Track 4 is a bonafide kitsch classic that would fit right in with William Shatner’s rock’n’roll massacres — Johnny Cash’s “Ring of Fire” is given the all-out syke-ee-delick treatment. Martial snare rolls, superquiet to superloud dynamics-via-overdubs, unnecessary acid guitar licks, the MOST out-of tune (and echo-drenched) harmonizing on an album that is chock full of tuneless harmonizing (all the Animals are credited with vocals — bless Eric for his democratic leanings in this respect — how punk!) Plus Eric gives a wonderfully overdramatic reading of what are essentially very corny lyrics. He goes back and forth between a hoarse whisper during the verses and a full-throated roar on the chorus. Verdict: Hilarious!
Track 5 is nearly as wonderful — Traffic’s “Coloured Rain” extended to nearly ten minutes. Where the original was light and hippy-dippy, Eric’s reading is again hilariously over-serious. Extended grooovy raga guitar solo in the middle complete with riffing horn section, and more of that outasite, outatune backup harmonizing (is all that echo supposed to hide whoever it is that’s always a little flat??)
Track 6 is “Too Love Somebody” by the Gibbs, here sounding a bit like Vanilla Fudge (slow with droney organ.) Points off for hiring a blackgirl soulchorus — I dig it more when the guys in the band sing!
Track 7 is a ten minute blues opus “As The Years Go Passing By” — lougey piano jazz plus sub-Hendrix acid blues guitar with Eric at his gauche best/worst, sing-speaking in a ridiculous “black accent.”

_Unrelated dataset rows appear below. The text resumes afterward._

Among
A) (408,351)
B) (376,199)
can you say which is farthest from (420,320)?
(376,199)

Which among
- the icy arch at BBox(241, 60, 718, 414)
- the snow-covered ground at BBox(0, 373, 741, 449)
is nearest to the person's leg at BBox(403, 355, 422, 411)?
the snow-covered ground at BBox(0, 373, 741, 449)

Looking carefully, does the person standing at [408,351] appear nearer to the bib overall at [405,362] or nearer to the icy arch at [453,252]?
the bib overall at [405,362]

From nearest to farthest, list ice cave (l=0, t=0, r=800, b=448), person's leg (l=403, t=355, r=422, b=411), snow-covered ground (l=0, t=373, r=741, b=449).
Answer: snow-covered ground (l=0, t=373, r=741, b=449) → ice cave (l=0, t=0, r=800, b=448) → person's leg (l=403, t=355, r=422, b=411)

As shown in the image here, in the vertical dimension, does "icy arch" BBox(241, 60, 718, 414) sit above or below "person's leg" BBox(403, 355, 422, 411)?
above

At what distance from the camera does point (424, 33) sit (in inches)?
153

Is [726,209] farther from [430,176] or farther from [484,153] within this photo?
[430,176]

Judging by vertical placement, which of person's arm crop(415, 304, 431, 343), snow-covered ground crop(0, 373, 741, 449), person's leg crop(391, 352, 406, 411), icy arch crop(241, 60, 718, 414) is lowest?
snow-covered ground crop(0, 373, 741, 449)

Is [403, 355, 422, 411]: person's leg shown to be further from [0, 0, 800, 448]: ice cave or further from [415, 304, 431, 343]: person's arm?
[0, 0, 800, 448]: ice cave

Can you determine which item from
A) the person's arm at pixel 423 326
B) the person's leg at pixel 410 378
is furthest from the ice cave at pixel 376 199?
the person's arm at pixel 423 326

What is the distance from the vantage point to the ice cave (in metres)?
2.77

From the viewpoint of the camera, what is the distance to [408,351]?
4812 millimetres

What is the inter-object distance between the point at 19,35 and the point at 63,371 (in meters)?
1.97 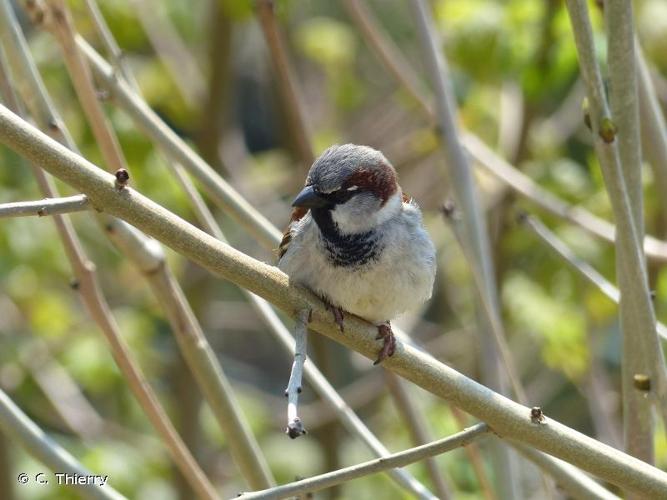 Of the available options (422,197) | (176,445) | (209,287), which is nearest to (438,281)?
(422,197)

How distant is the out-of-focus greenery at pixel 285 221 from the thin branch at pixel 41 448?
51.3 inches

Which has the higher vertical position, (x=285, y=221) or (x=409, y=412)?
(x=285, y=221)

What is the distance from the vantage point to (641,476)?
1.63m

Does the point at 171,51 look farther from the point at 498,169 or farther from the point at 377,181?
the point at 377,181

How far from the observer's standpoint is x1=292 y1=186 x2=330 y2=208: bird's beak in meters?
2.14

The climactic two-part 17-minute-plus monster that took up all of side 4 of the original LP is comprised of a medley of covers: first, “Gemini” originally by Quatermass — Eric and Zoot call-and-response again, the lyrics describing the contradictory nature of guess which zodiac sign: “I am black and I am white” etc. Highlight is the overblown (even by the standards of this record) bridge where Eric uses the duality of stereo to schizo-whisper stuff to himself like “there is only one side” — “no there are two sides” — back and forth from left & right speakers. Eventually it transitions into the poppier “The Madman” (a remake of “The Madman Running Through The Fields”, the aforementioned Dantalion’s Chariot single), which is about how the “straights” are like, crazy, man, and features some cool backwards cymbals and a delightful Barrett-Floydish bridge: “isn’t that the madman running through the fields? / isn’t that the madman, wonder how he feels?”
This album is both a classic of the high-sixties groovy style and a hilariously dated campy relic right down to the silly photomontage cover art (the band in negative, giant size towering over the grand canyon with an oversize moon in the background.)